START Input

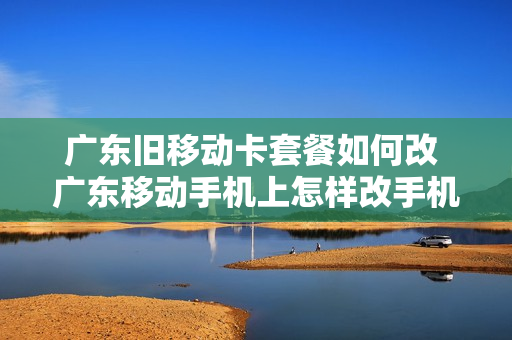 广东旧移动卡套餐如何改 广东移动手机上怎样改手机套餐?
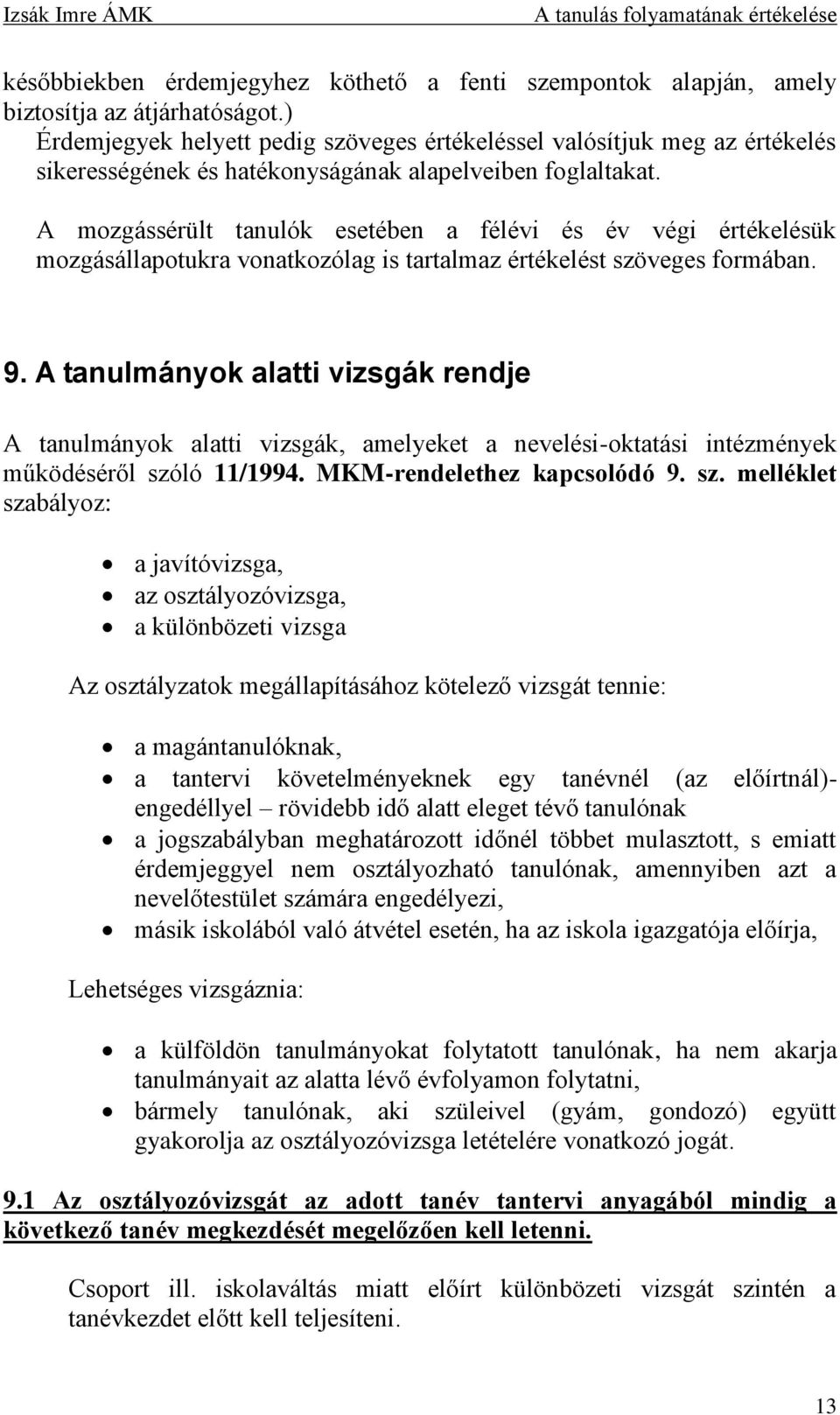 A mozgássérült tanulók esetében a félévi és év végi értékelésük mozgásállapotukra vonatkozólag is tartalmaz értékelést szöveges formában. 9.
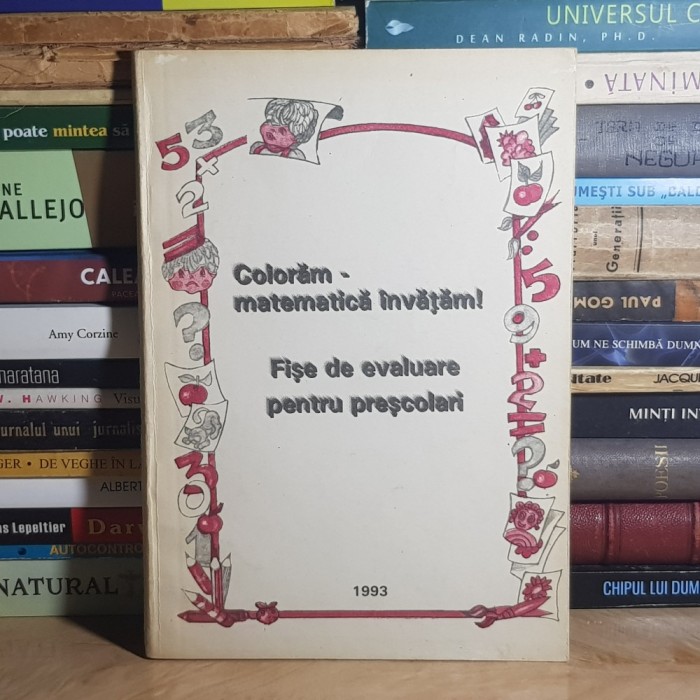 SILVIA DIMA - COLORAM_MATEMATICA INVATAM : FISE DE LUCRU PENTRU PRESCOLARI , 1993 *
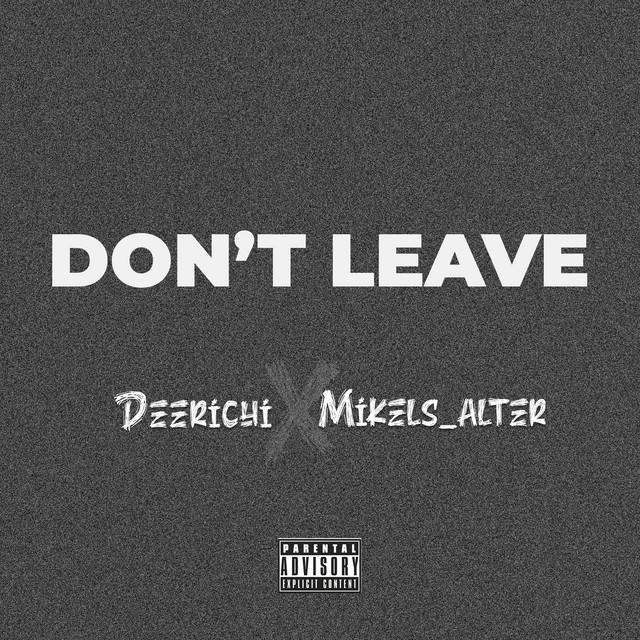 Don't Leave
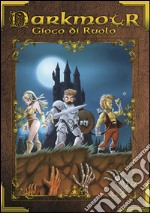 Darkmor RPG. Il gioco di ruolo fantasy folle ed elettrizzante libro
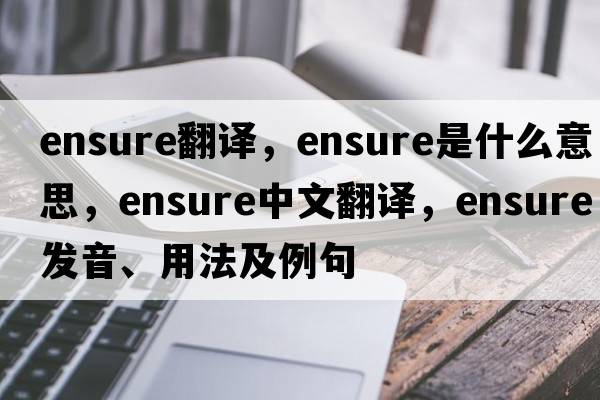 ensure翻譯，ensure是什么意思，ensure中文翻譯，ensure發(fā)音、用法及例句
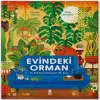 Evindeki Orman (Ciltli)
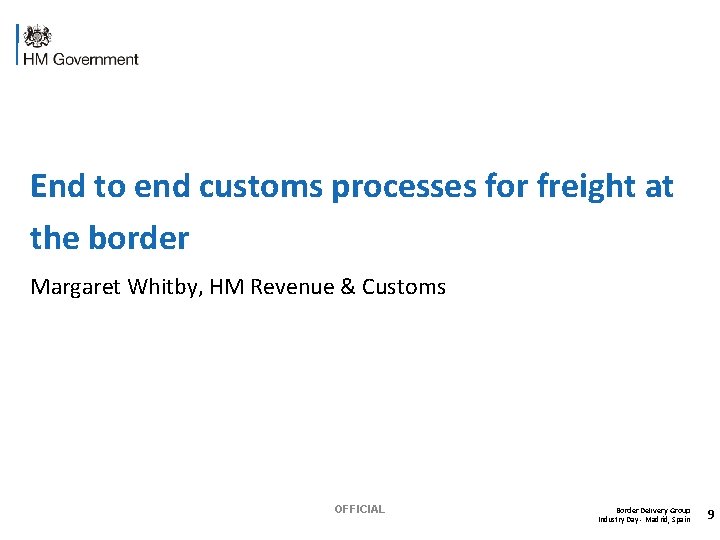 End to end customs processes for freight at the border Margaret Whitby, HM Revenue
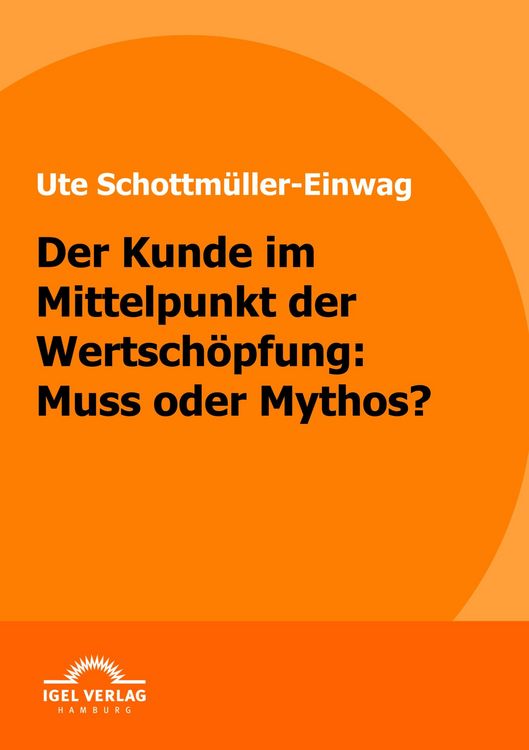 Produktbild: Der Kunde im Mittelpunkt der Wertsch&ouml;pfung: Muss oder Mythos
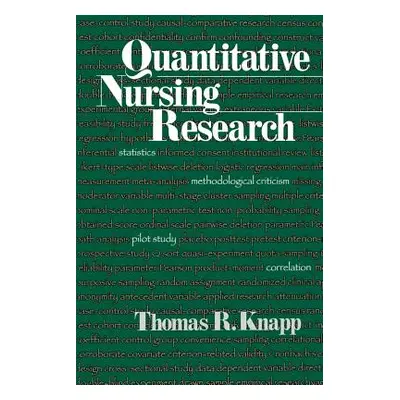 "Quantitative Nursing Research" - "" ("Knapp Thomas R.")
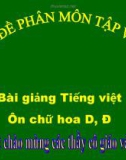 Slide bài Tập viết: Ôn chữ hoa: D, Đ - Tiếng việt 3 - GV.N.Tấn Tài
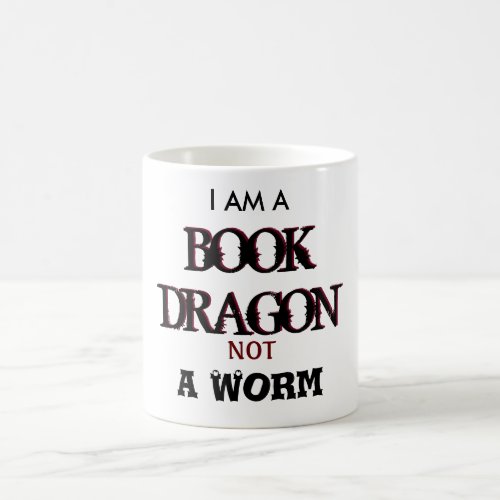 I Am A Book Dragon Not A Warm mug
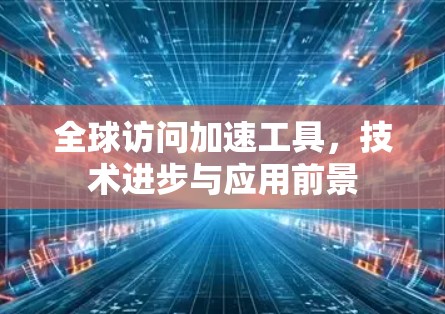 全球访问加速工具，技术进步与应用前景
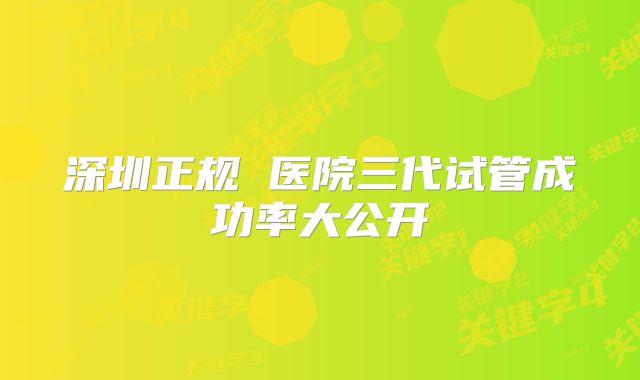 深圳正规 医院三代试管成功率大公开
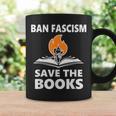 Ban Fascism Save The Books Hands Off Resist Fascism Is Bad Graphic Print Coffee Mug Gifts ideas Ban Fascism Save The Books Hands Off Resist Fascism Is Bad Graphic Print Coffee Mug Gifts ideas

END Input

_Problem details_. Copy the final stretch of the entries exactly: the line containing "Evindeki Orman (Ciltli)" and every line after it through the last. Include no pictures and nothing more.

_Task response_.
 Evindeki Orman (Ciltli)
 End to end customs processes for freight at the border Margaret Whitby, HM Revenue
 Produktbild: Der Kunde im Mittelpunkt der Wertsch&ouml;pfung: Muss oder Mythos
 "Quantitative Nursing Research" - "" ("Knapp Thomas R.")
 Slide bài Tập viết: Ôn chữ hoa: D, Đ - Tiếng việt 3 - GV.N.Tấn Tài
 I Am A Book Dragon Not A Warm mug
 全球访问加速工具，技术进步与应用前景
 深圳正规 医院三代试管成功率大公开
 Ban Fascism Save The Books Hands Off Resist Fascism Is Bad Graphic Print Coffee Mug Gifts ideas Ban Fascism Save The Books Hands Off Resist Fascism Is Bad Graphic Print Coffee Mug Gifts ideas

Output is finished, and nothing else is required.